Jeca planta o necessário para sobreviver, a falta, fato corriqueiro, era comprada fiado na venda, onde era subornado pelo italiano Giovane que, por ninharia, pagava a dívida do Jeca e trocando-a por um pedacinho de sua terra.
A formação artística de Mazzarope, a sua passagem pelo circo, teatro, TV, cria um romance entre sua filha e o filho do seu desafeto, o italiano Giovane. É uma arranhada na história de Romeu e Julieta. O vilão, Vaca Brava, também apaixonado por sua filha, era uma sombra dos faroestes norte-americano.
Jeca perde o seu rancho que é incendiado pelo seu concorrente.

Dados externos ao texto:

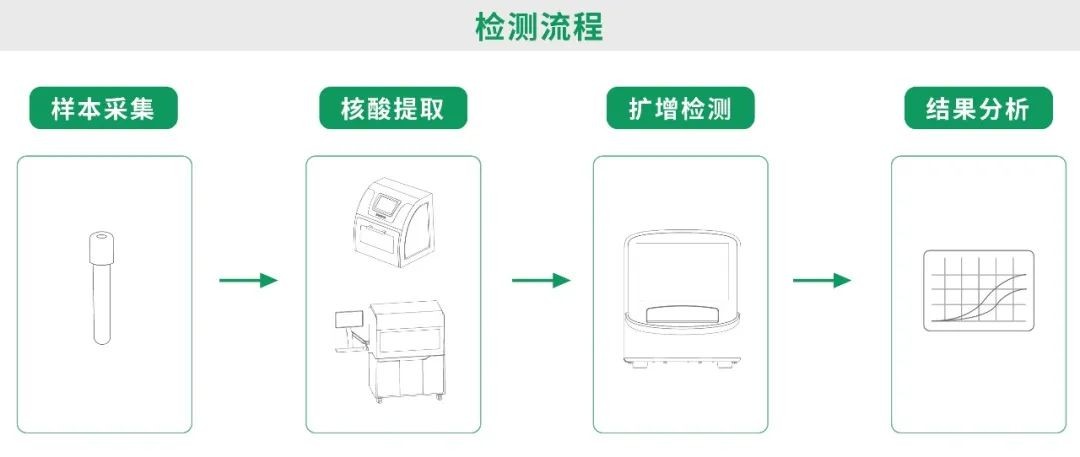 宏胜国际|Home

Parte em um carro de boi, com a família e “sem nada para carregar”, música e letra do compositor Eupídio dos Santos, pai dos Parangas de São Luis do Paraitinga, cena que refaz a origem histórica do caipira, aquele que é um agregado, tocado de um lado a outro.

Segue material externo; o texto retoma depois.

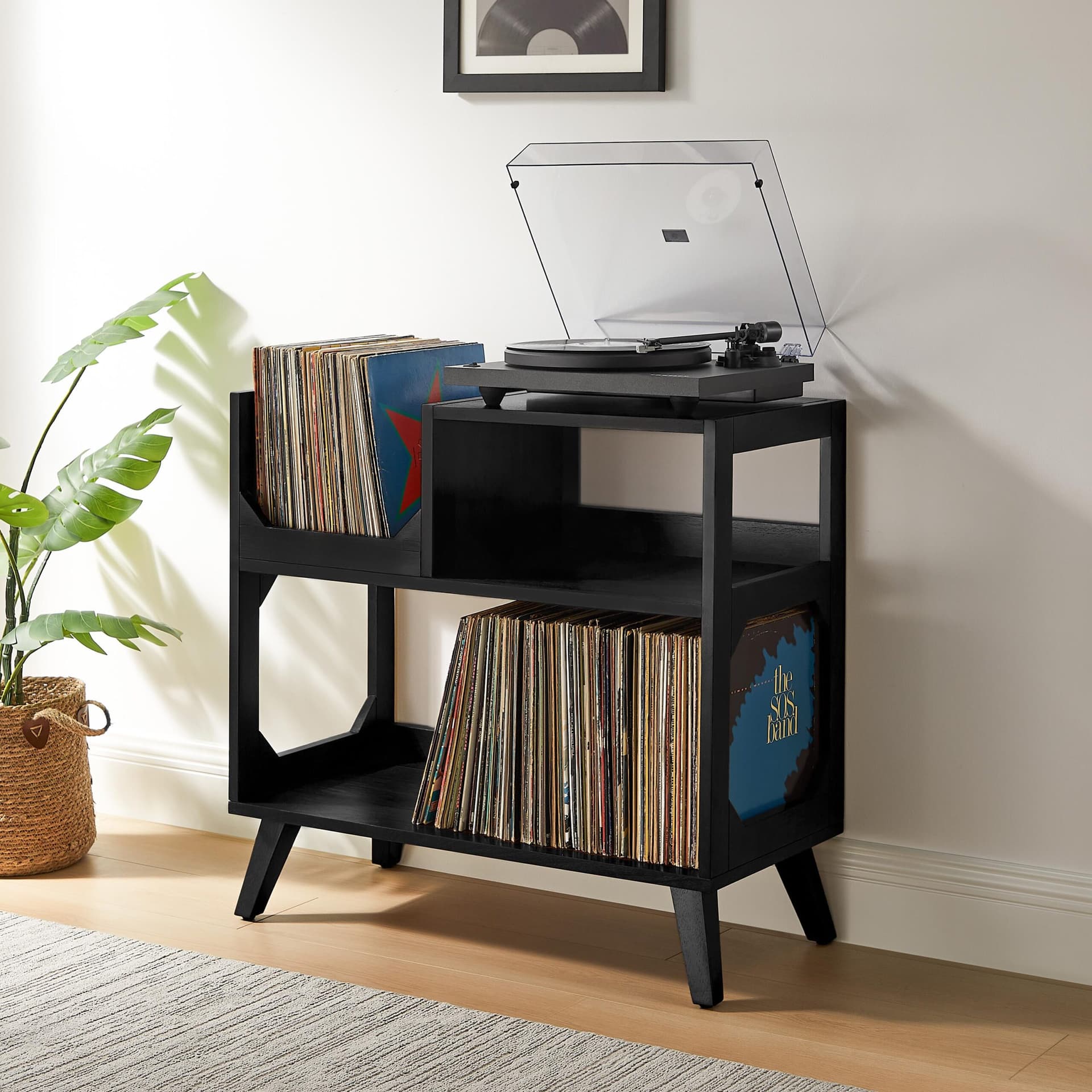 Asheville Medium Record Storage Console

Essa partida do Jeca, porém, enfoca outra situação real e mais próxima no tempo, o apelo ao modelo político brasileiro. Jeca viaja até São Paulo e, em troca de votos recebe suas terras de volta de um candidato a deputado.
Na casa do deputado, no meio da juventude a beira da piscina, Mazzaropi documenta o início do rock no Brasil, filmando um número musical com Celly Campello e Tony Campello e o seu cinema engaja-se na categoria de cinema-documental.
O italiano é punido, Vaca Brava é preso; sua filha casa-se com o filho do italiano e o Jeca, recuperado pela saúde, como queria Lobato termina como um vencedor, produtor, cidadão do mundo, apresentando o seu respeito à modernidade: galinha de botina, cachorro com casa de madeira, porcos de sapatos. Ao terminar este texto, nascido dentro do respeito à arte, a Monteiro Lobato e Mazzaropi, vou imaginar que, no interior de uma nuvem qualquer, há um lindo bolo de fubá, daqueles que Dona Cinira, esposa de Eupídio dos Santos fazia ao nosso cineasta criador do cinema brasileiro e rural.
Receita
Bolo de Fubá
Ingredientes: 4 ovos; 1 copo americano de óleo, 1 copo americano de leite; 2 copos americanos de açúcar; 2 copos americanos de fubá, 1 pitada de sal; 1 colher de sopa de fermento químico; sementes de erva doce a gosto; 1 xícara de queijo ralado.
Modo de fazer: Reserve o fermento, a erva doce e o queijo ralado e bata os demais ingredientes no liquidificador começando pelos líquidos. Sem bater, incorpore o fermento, a erva doce e o queijo ralado. Despeje em forma de cone central untada com óleo e polvilhada com fubá. Asse em forno médio pré-aquecido ( 180º) por cerca de 40minutos ou até dourar. Desenforme morno e deixe esfriar.